The article describes attitudes towards vaccinations in Poland in relation to issues such as voluntary versus compulsory vaccinations, the method of financing vaccinations, the method of organizing and carrying out vaccinations, the cognitive and educational aspect of vaccines (how to obtain knowledge about vaccines) and the preferred model of work and research on new vaccines. Taking into account these issues, the authors have created four ideal models of preferred vaccination policies: (a) the market model; (b) the state model; (c) the vaccine hesitancy model; and (d) the civic-social model. This perspective makes it possible to better understand and learn about the various motives behind the attitudes of anti-vaccination movements, as well as to notice cracks and divisions among vaccination supporters and their attitudes towards the financing and organization of vaccinations.

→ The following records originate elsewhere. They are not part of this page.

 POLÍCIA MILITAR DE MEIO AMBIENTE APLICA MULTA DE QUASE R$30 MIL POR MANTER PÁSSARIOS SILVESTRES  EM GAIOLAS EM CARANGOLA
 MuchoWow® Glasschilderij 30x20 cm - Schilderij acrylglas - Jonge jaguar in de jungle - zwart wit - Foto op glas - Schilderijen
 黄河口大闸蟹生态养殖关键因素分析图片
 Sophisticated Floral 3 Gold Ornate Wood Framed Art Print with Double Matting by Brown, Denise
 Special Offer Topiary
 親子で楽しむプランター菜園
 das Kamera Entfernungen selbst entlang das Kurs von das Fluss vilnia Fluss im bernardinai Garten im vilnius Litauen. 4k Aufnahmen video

The study was carried out using the CATI method on a representative random-quota sample of Polish society of 1000 people aged 18 and over. The study took age, sex, education and the size of the place of residence into account. Additionally, in the Socio-demographic factors influencing attitudes towards vaccination practices in Poland section, we used the chi-squared test and regression analysis of factors influencing vaccination practices in Poland. PASW Statistics 18 (a version of SPSS) software was used for statistical analysis. Significant correlations were demonstrated at a significance level of 0.05% Pearson.

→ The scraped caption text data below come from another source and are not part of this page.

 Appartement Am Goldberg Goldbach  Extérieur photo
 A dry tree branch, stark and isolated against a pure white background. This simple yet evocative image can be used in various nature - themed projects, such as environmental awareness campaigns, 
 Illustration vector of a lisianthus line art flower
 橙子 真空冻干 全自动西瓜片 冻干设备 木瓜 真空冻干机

This article has shown that attitudes towards vaccinations are embedded in broader divisions and orientations related to the vision of the social order: the role of the state, the organization of healthcare and payments for vaccinations and medical services, as well as preferred ways of knowledge production in society and work on new vaccines. The political sympathies and the age of the respondents were the most important variables influencing vaccination behaviour. The education of the respondents was less important.
A few years after the peak of the pandemic, the scope of anti-vaccination attitudes in Polish society ranges from 20% of the population (dogmatic anti-vaxxers) to 30% (vaccine hesitancy occurring depending on attitudes towards vaccinations).
本文描述了波兰人对疫苗接种的态度,涉及到一些问题,如自愿接种与强制接种、疫苗接种的融资方式、疫苗接种的组织和实施方式、疫苗的认知和教育方面(如何获取疫苗知识)以及新疫苗的工作和研究首选模式。考虑到这些问题,作者创建了四个理想的疫苗接种政策模型:(a)市场模型;(b)国家模型;(c)疫苗犹豫模型;(d)公民-社会模型。这种视角可以更好地理解和了解反疫苗运动态度背后的各种动机,以及注意到疫苗接种支持者之间的裂痕和分歧,以及他们对疫苗接种融资和组织的态度。
本研究使用 CATI 方法,对 1000 名年龄在 18 岁及以上的波兰代表性随机配额人群进行了调查。研究考虑了年龄、性别、教育程度和居住地点的大小。此外,在“影响波兰人疫苗接种态度的社会人口因素”部分,我们使用了卡方检验和影响波兰人疫苗接种态度的因素回归分析。使用 PASW Statistics 18(SPSS 的一个版本)软件进行统计分析。在 0.05%的显著水平上,使用 Pearson 检验进行显著相关性分析。
本文表明,对疫苗接种的态度根植于更广泛的分歧和定向,这些分歧和定向与社会秩序的愿景有关:国家的作用、医疗保健的组织和疫苗接种及医疗服务的支付、以及社会中知识生产和新疫苗工作的首选方式。受访者的政治派别和年龄是影响接种行为的最重要变量。受访者的教育程度则不太重要。
在大流行高峰期过后的几年,波兰社会的反疫苗态度范围从 20%的人口(教条式反疫苗者)到 30%(取决于对疫苗接种的态度而出现的疫苗犹豫)。